If you work in the world of data engineering, you're probably familiar with one of two terms: Data Pipeline (as an analyst/marketer/business-focused person) or DAG (as an engineer who favors term accuracy over branding). Though used in different circles, these terms both represent the same mechanism.
“Data pipeline” describes the general process by which data moves from one system into another. By using the metaphor of plumbing, it helps illuminate an otherwise complex process. But data isn't literally in a single tube starting on one side and coming out of the other. Instead, the plumbing metaphor is useful in illustrating two important qualities:
- When data is moving through pipelines, it is isolated from other data.
- When a lot of data is moving through a pipeline, it can create stress on the servers it runs on, much like water pressure.
- The data needs to be treated at various stages before it reaches its destination system, just like chemicals or waste moving through an industrial pipeline.
So what exactly is a DAG, and what does it tell us that’s missing from the “pipeline” term?
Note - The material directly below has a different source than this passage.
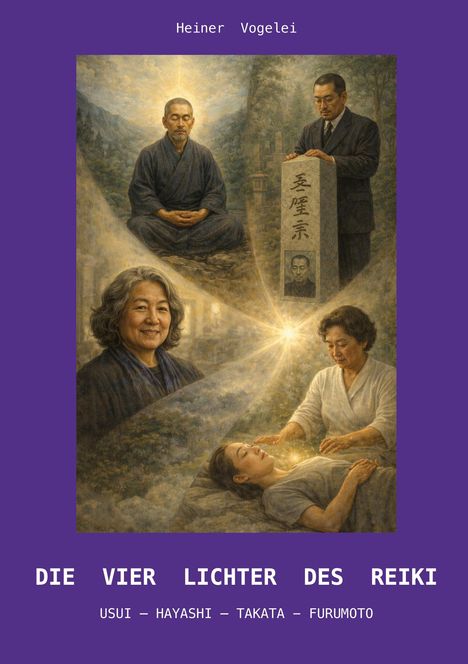 "Heiner Vogelei. DIE VIER LICHTER DES REIKI. USUI – HAYASHI – TAKATA – FURUMOTO. Illustration mit meditierenden und heilenden Personen."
Let’s start with breaking down the acronym:
Now let’s work through each individual word of the acronym:
In mathematics, a graph is a finite set of nodes, with vertices connecting the nodes to each other. In the context of data engineering, each node in a graph represents a data processing task.
For example, consider the directed acyclic graph below. We can create a data engineering story out of these simple nodes and vertices:
- Node A could be the code for pulling data out of an API.
- Node B could be the code for anonymizing the data and dropping any IP address.
- Node D could be the code for checking that no duplicate record IDs exist.
- Node E could be putting that data into a database.
- Node F could be running a SQL query on the new tables to update a dashboard.
It’s pretty neat, but… it doesn't look like a pipeline at all! Tasks branch out and come back together, with new inputs being brought in along the way. So why does this graph represent a pipeline? Because it’s both directed and acyclic!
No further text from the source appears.